To ensure accurate annotation of the P. arguta chloroplast genome, a two-pronged approach was implemented—integrating gene-specific tools with commonly used chloroplast genome annotation platforms: Coding sequences (CDS) were annotated using Prodigal v2.6.3 (https://www.github.com/hyattpd/Prodigal (accessed on 22 December 2023), while rRNAs and tRNAs were predicted using HMMER v3.1b2 (http://www.hmmer.org/ (accessed on 23 December 2023) and Aragorn v1.2.38 (https://bioconda.github.io/recipes/aragorn/README.html (accessed on 25 December 2023), respectively; annotations were further cross-referenced with results from the GeSeq platform to validate consistency. BLAST v2.6 (https://blast.ncbi.nlm.nih.gov/Blast.cgi (accessed on 26 December 2023) was used to align assembled sequences against published gene sequences of closely related species from the NCBI database (https://www.ncbi.nlm.nih.gov/) (accessed on 26 December 2023) [24]. The annotation datasets were manually cross-validated to resolve discrepancies, with erroneous and redundant annotations removed. Exon boundaries were precisely determined to finalize the annotation.

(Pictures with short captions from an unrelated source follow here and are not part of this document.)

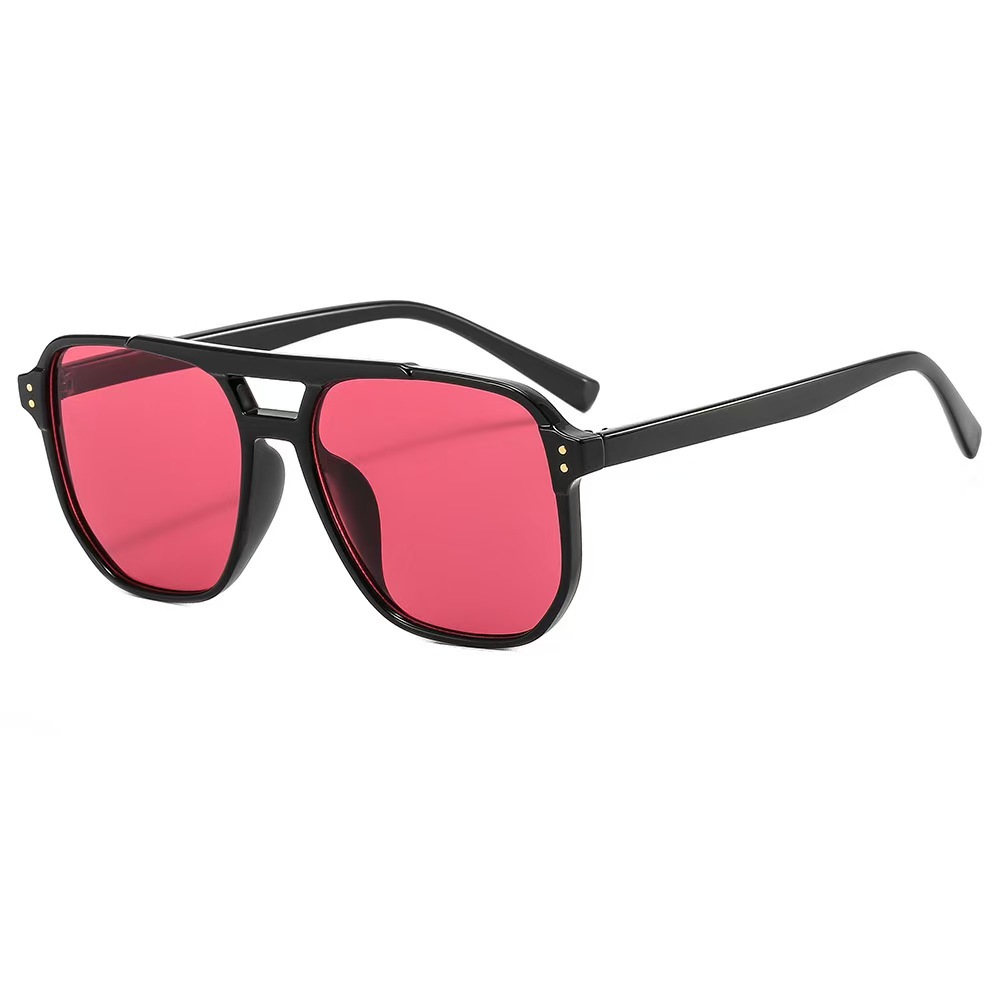 Black frame pink lens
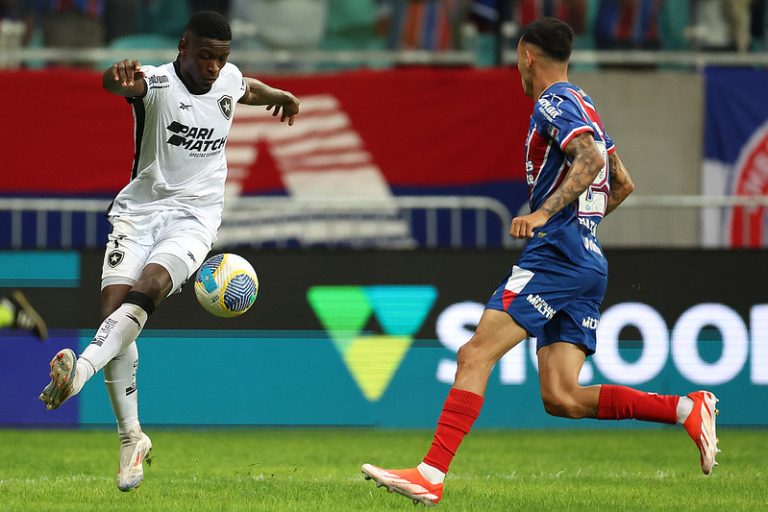 Luiz Henrique em Bahia x Botafogo pelo Campeonato Brasileiro no Estadio Arena Fonte Nova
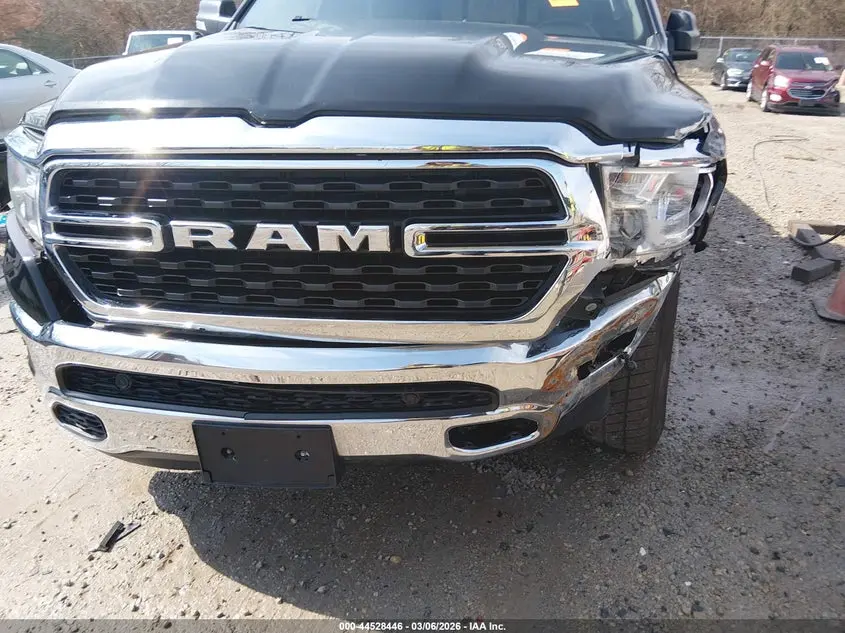 2022 RAM 1500 BIG HORN  4X4 6'4 BOX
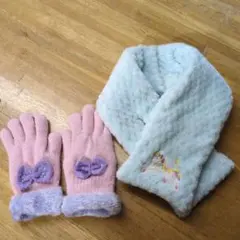 ユニコーン刺繍マフラーと手袋セット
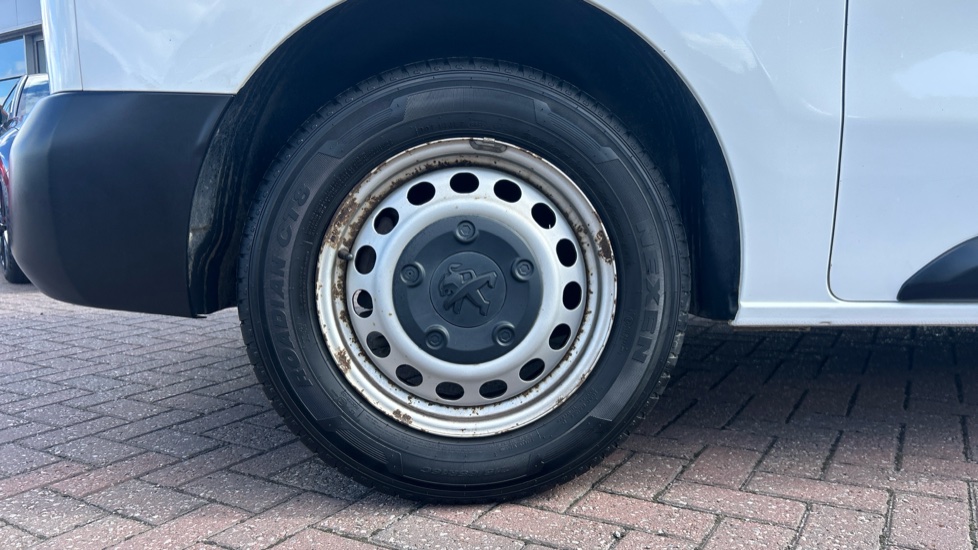 Peugeot Expert Combi 1.5 BlueHDi 120 Standard 6dr Diesel Estate - Image 7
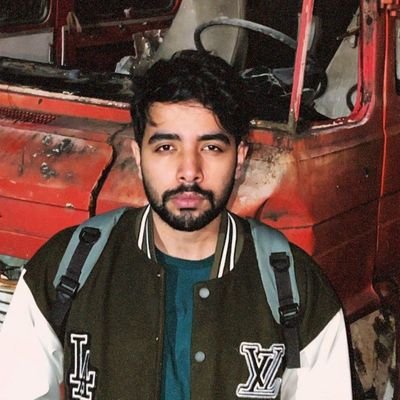 shamskondori's profile picture. روزمره نویس
اندکی فاخر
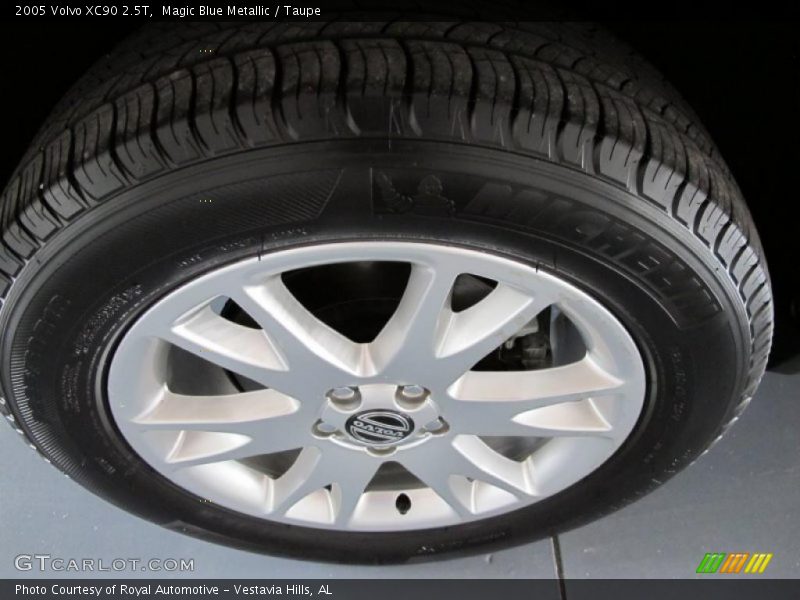 Magic Blue Metallic / Taupe 2005 Volvo XC90 2.5T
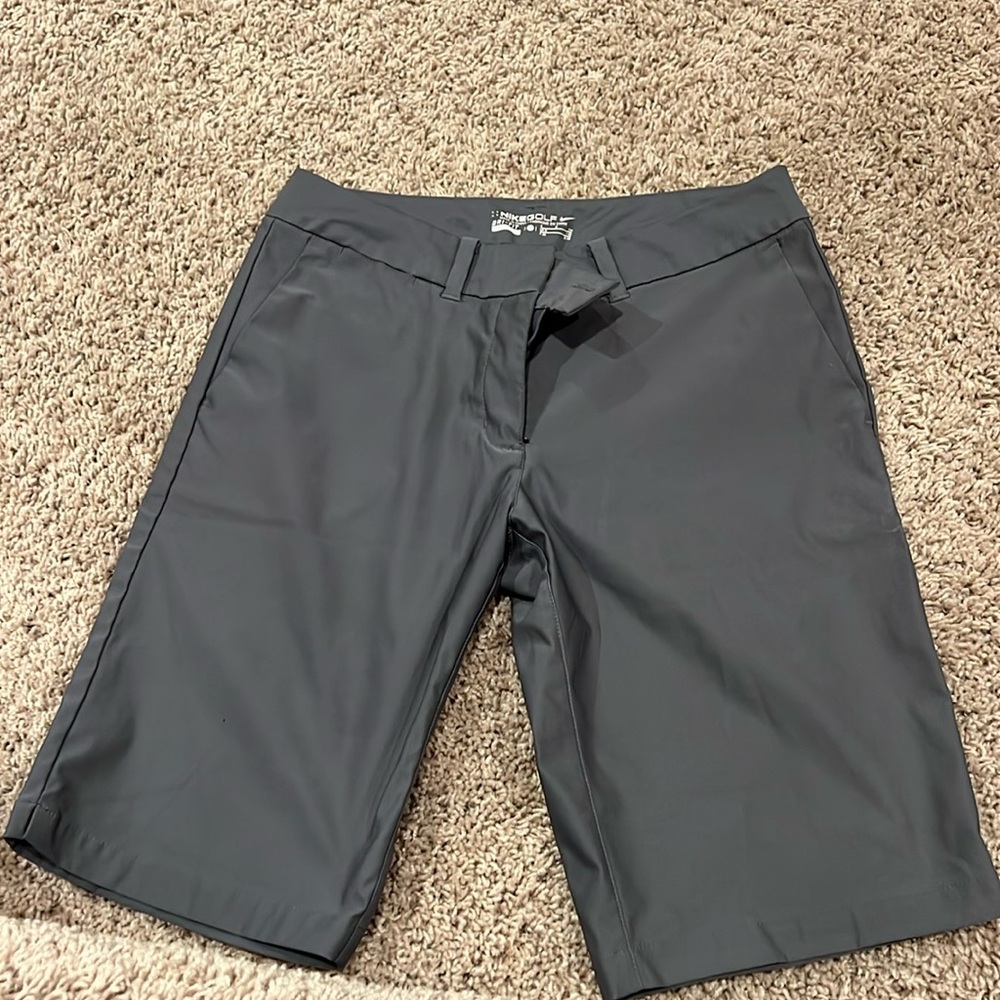 Women's Nike Dri-fit golf shorts-Size 4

2.3. Chloroplast Genome Analysis
The codon usage bias of the P. arguta chloroplast genome was analyzed using the CodonW online tool integrated within the GALAXY platform (https://galaxy.pasteur.fr (accessed on 28 December 2023) [25]. To minimize deviations in codon usage bias results, protein-coding genes shorter than 300 nucleotides were excluded from the analysis.
Simple sequence repeats (SSRs) were identified across seven chloroplast genomes of Sapindaceae species using the MISA online tool (https://webblast.ipk-gatersleben.de/misa/ (accessed on 30 December 2023), with the following repeat unit threshold settings: 10 repeats for mononucleotides, 5 repeats for dinucleotides, 4 repeats for trinucleotides, and 3 repeats for tetra-, penta-, and hexanucleotides [26,27]. Repetitive sequences, encompassing forward, reverse, palindromic, and complementary repeats, were detected via the REPuter program vmatch 2.3.0, with parameters set to a minimum repeat region length of 10 bp and a minimum sequence identity of 90% [28].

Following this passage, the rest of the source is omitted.